A dire il vero, da parecchio tempo i rapporti tra il marxista e l’inquilino del secondo piano sono sensibilmente migliorati, non perché l’inquilino del secondo piano abbia riconosciuto la propria “dipendenza”, ma perché il marxista ha molto diminuito le sue pretese, ed è arrivato ad ammettere che il secondo piano è in larghissima misura autonomo dal primo, o, se non altro, che i due appartamenti “si sorreggono a vicenda”. Ma verso l’abitatore del pianterreno il disprezzo si è fatto sempre più pronunciato”.

Che, nonostante la ben nota ammirazione di Marx per Darwin, e nonostante la presenza nella letteratura marxista di opere come Dialettica della natura e Materialismo ed empiriocriticismo, sia potuto sorgere e accentuarsi questo disprezzo per la natura, si può anche comprendere, considerando l’esigenza di denunciare le ideologie scientiste come un nuovo inganno del padrone.

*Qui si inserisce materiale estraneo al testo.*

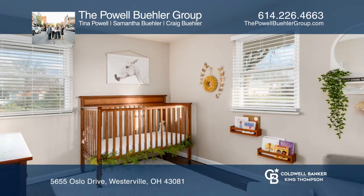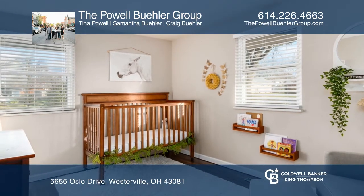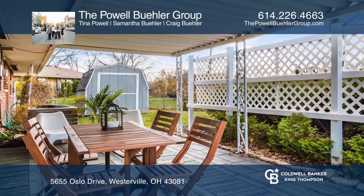This spacious owner's suite has a full bath and plenty of closet space. Plus, there is a wonderful yard with a terrace and patio.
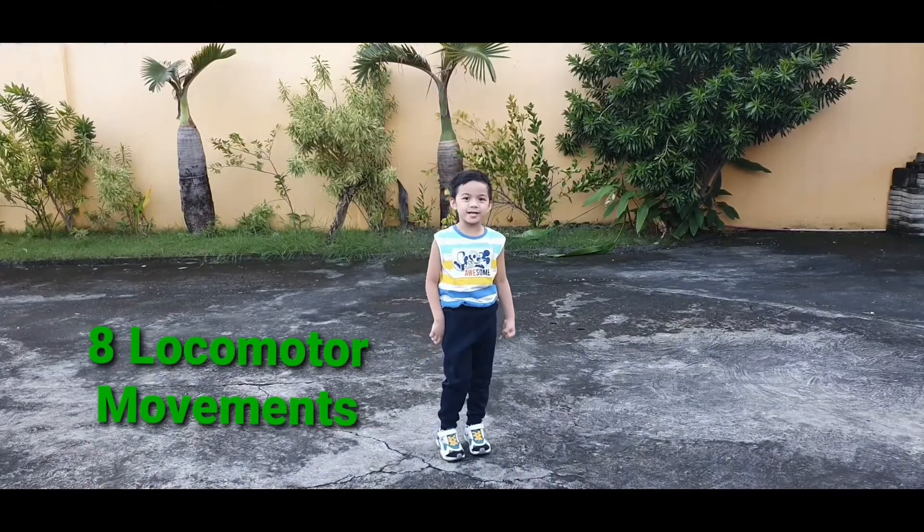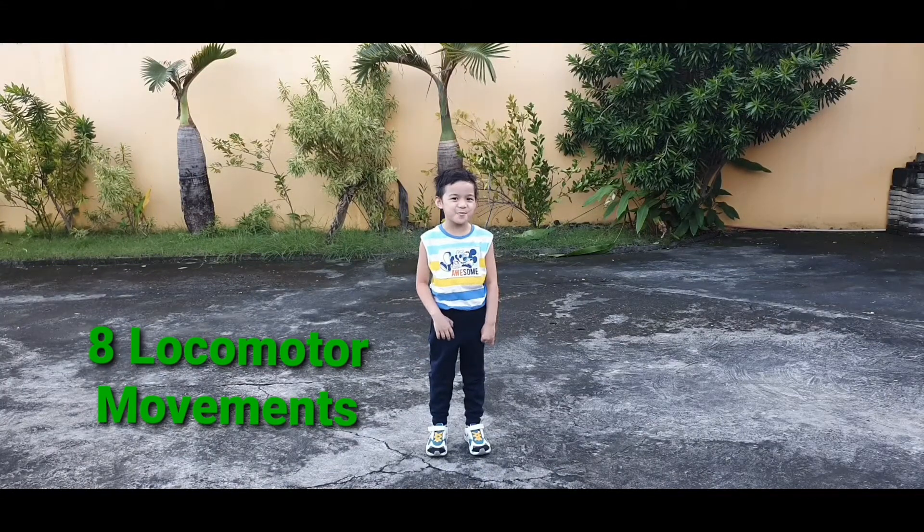Good day everyone! Today I am going to do the 8 of our other movements.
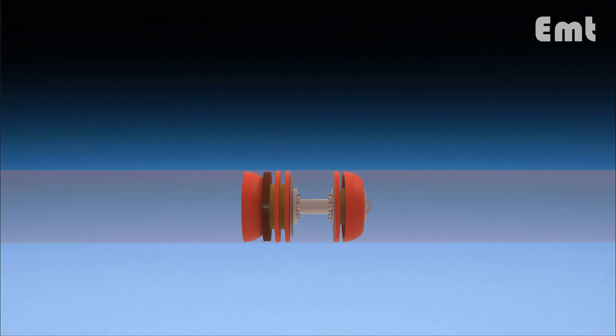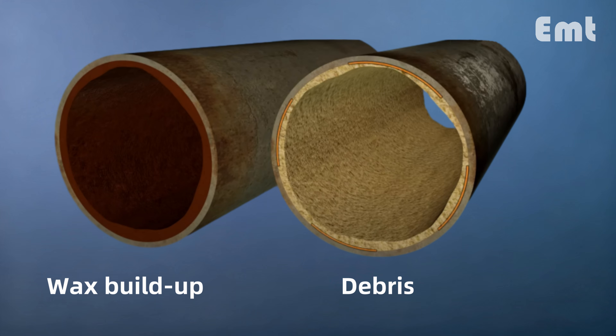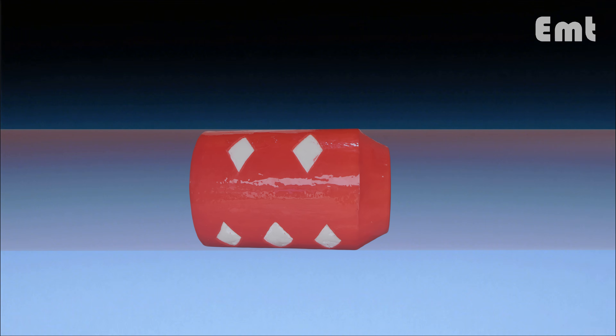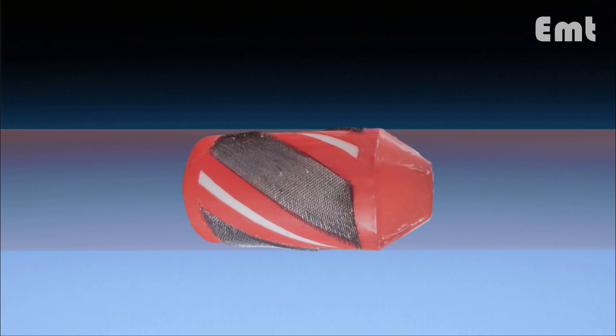The pig moves from the launcher into the pipeline. Wax and other debris may exist inside the pipeline. We can choose different types of pigs based on operating conditions, taking advantage of their respective strengths to clean the pipeline effectively.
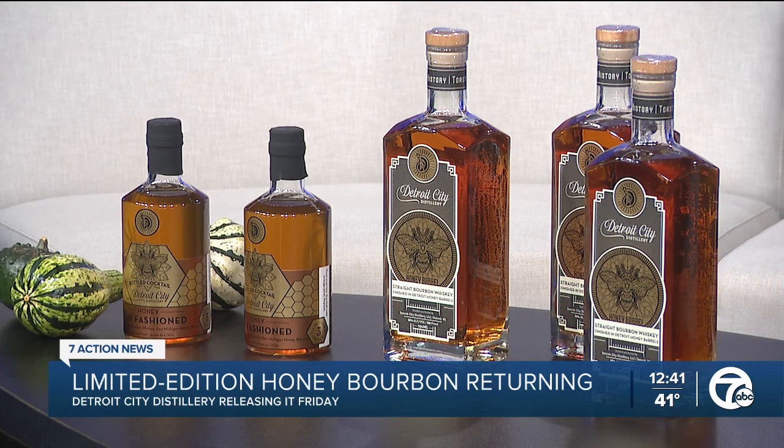Honey is like the most craft thing on the planet. Thousands of bees travel all over the city, gather pollen and nectar, and make honey on our roof. So this is like the truest taste of Detroit — whiskey made in Detroit, honey made in Detroit. When the two come together, it's pretty sweet.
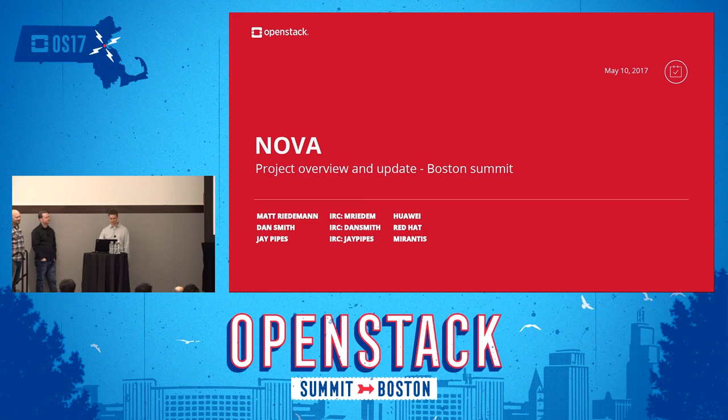Welcome to the NOVA project update. My name is Matt Riedemann, I work for Huawei, and I'm the NOVA PTL for the Pike release. This is Dan Smith, works for Red Hat, NOVA Core. JPipes for Mirantis, also NOVA Core.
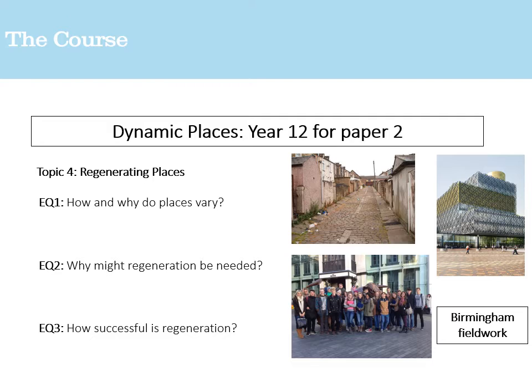Also for paper two, you'll look at regenerating places — and Birmingham is a great example. Birmingham had a reputation 20–30 years ago as quite dilapidated and run down, and you'll examine how successful the regeneration has been across its different quarters. You'll look at different examples, and there will be fieldwork as part of that — considering how we decide which areas need regenerating and what field studies are needed to ensure feasibility.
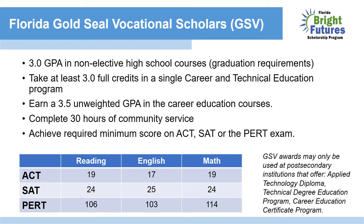Listed below, you can see the table denoting the requirements. For the ACT, you must have a 19 in reading, a 17 in English, and a 19 in math. For the SAT, a 24 in reading, a 25 in English, and a 24 in math. And for the PERT, a 106 in reading, a 103 in English, and a 114 in math.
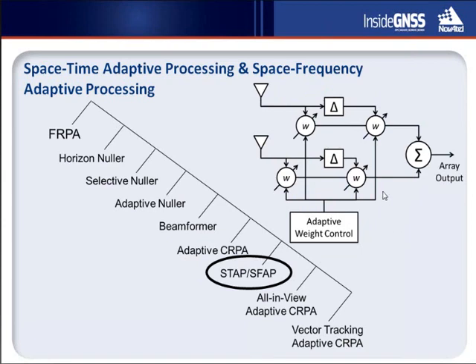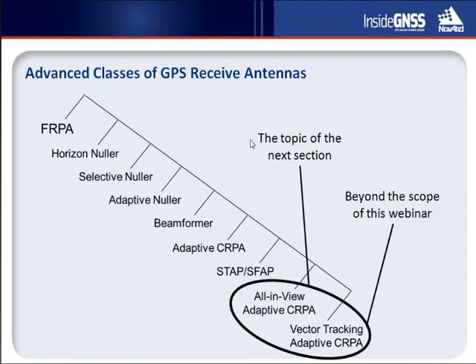We next address space-time adaptive processing, or STAP, and space-frequency adaptive processing, or SFAP. This extends the concept of spatial-only beam steering to include temporal or frequency domain extent. Because phase-shift-based jammer cancellation is optimal only at a single frequency, including a spectral dimension gives us more control — more knobs — to shape the array response. This is important for wideband jamming signals and also gives some control to reduce distortions caused by non-ideal characteristics in array elements or analog electronics, at the cost of even greater complexity. The all-in-view adaptive CRPA and the vector tracking adaptive CRPA are more advanced topics beyond the scope of this introductory webinar.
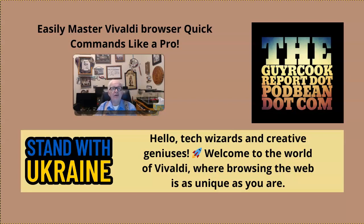Hi, I'm Guy Cook, and I want to ask: are you ready to speed up your browsing on the internet with quick commands? Then get Vivaldi — the browser that's got quick commands built right into it, making things like reloading the page or zooming in accessible with just a few keystrokes.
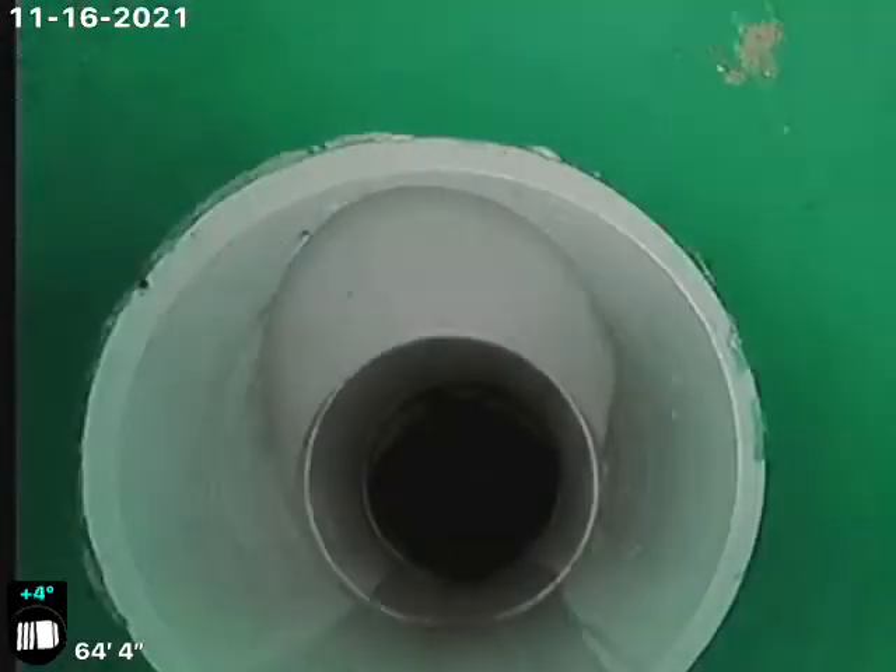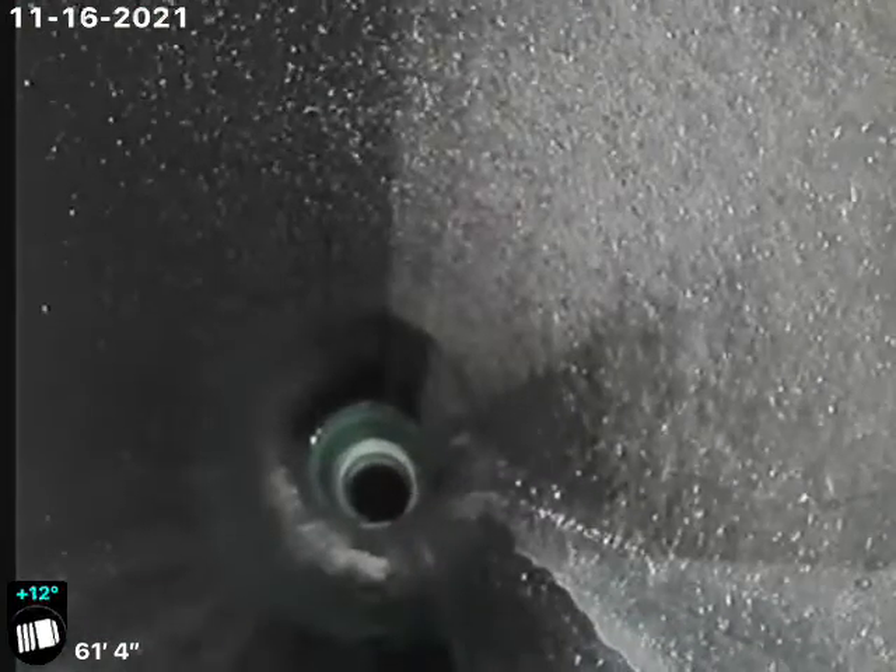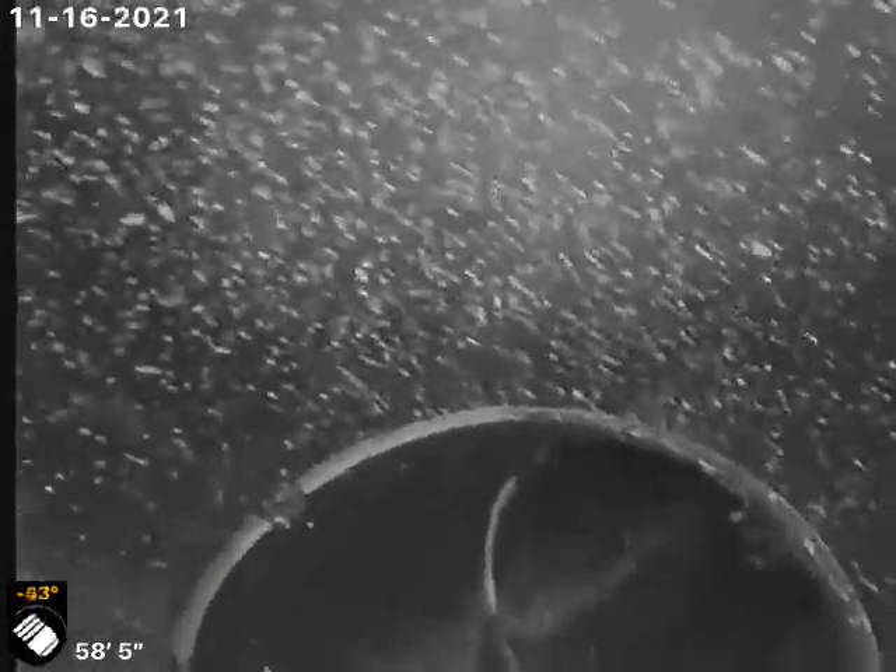That's your outside access. ABS coming back underneath the house now. There's a drop underneath the footer.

Sta di fatto però che quando Gramsci, per sfuggire alla trappola positivistica, finisce col negare la realtà naturale, cade in una trappola peggiore (perché più arretrata) di quella positivistica: la trappola dell’idealismo agrario italiano, senza neppure rilevarne l’arcaicità rispetto all’ideologia empiriocriticista dell’imperialismo maturo (industriale). Se Gramsci ha potuto fare di Benedetto Croce, nel dibattito culturale, il proprio interlocutore privilegiato, è perché il suo marxismo, al pari di quello di Mondolfo, e in genere della socialdemocrazia imperialista, aveva scaricato la natura, perdendo così uno dei due ancoraggi che impediscono al materialismo dialettico di naufragare nella dialettica idealistica. Rotto quell’ancoraggio, quell’altro (della dipendenza della coscienza dall’essere sociale) non pare sia tale da garantire dalle contaminazioni idealistiche, come dimostra infatti l’omaggio del marxismo alle più scoperte ideologie del padrone, dalla psicanalisi all’esistenzialismo. Sempre, quando si subisca l’inquinamento ideologico del padrone, si perde terreno nella lotta, anche quando resti intatta (come in Gramsci) la proposta rivoluzionaria, ché in ogni caso risulta indebolita la capacità critica di analisi della realtà delle cose. Ed è infatti nel solco della tradizione gramsciana, che si è creduto di vedere il momento della rottura nello storicismo togliattiano, senza avvedersi che punto di partenza e di arrivo del suo venire da lontano e andare lontano non era la scienza di Galileo e la rivoluzione ininterrotta di Mao, ma la nuova scienza di Vico e la burofilosofia dei mandarini sovietici.